It has been confirmed that no team in the Premier Soccer League will be able to use their primary home stadium as their ‘home venue’ for the completion of the 2019/20 domestic campaign.
The domestic season will resume action on August 08 and while teams will continue where they left off on the fixture list, the biggest change will be the different home venues allocated to each team.
The PSL will conduct a draw on Wednesday to determine the home venues for all 32 member clubs in the biologically safe environment in Gauteng.
According to the information made available to the Siya crew, Eight stadiums have been allocated for top flight teams, while another eight will be used for the GladAfrica Championship sides.
This means that two teams will share a home venue/stadium and in the event that both their fixtures are scheduled to be played at ‘home’ on the same day, it may be accommodated by a double-header.
However, the entire draw procedure will prioritise the teams who are scheduled to play at ‘home’ on the final day of the season, as all matches need to kick off at the same time.
“The problem is that in the final round of fixtures, which must be played simultaneously, there can easily be two teams with home fixtures who share a home stadium. Because they cannot play at different times, the only option would be that some teams would not be able to play at their home grounds. Being the most important fixtures of the whole league programme, this would be unfair. This problem can be avoided for certain by considering the final block of fixtures when doing the draw,” a communique by the PSL read in part.
“To do this, we will draw up a list of the 8 Premier Division teams that are at home in the last round. Then we will do a draw where each of these teams will draw one of the 8 stadiums. Next, we will do another draw where each of the remaining 8 Premier Division teams will draw a stadium from 1 to 8.”

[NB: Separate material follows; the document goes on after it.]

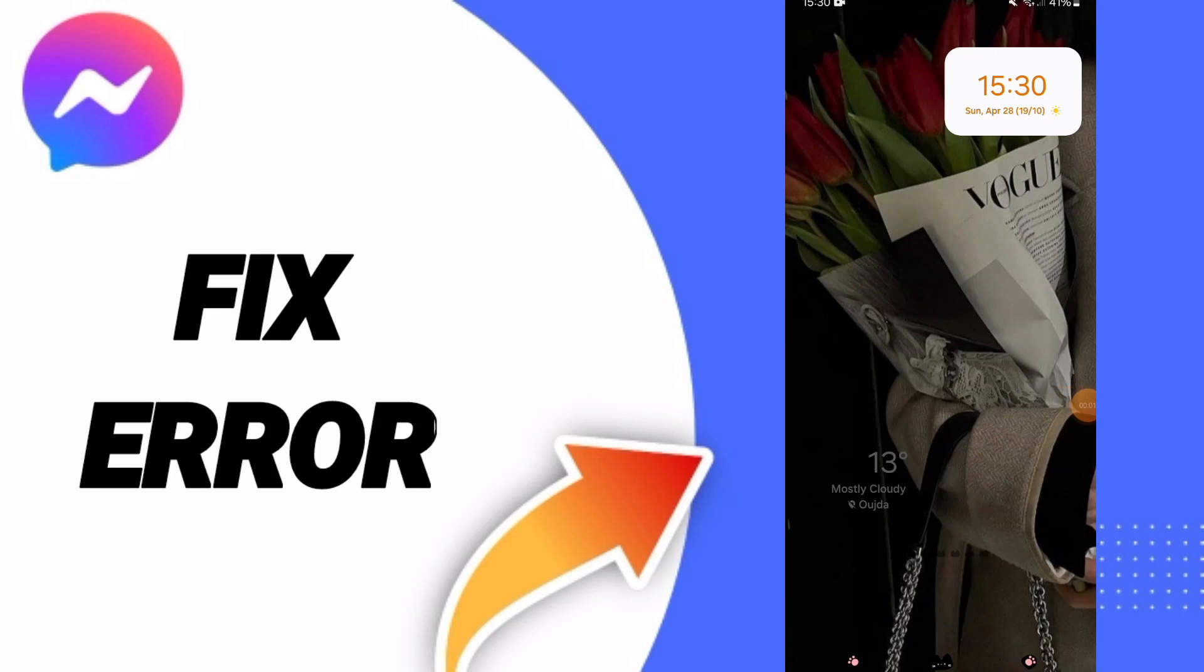Guys, today we will talk about how to fix or solve the problem of errors on the Messenger app.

“In each of these draws, if a team draws its normal home stadium this is not allowed, so that ball will be put aside, and another stadium drawn. Then the ball that was put aside will be put back in the bowl. If this happens when the last stadium is drawn, the stadiums of the last and the second last team will be swapped in order to ensure that no team has its normal home stadium.”
“The same process will then be repeated for the NFD teams, again considering the final block of fixtures.”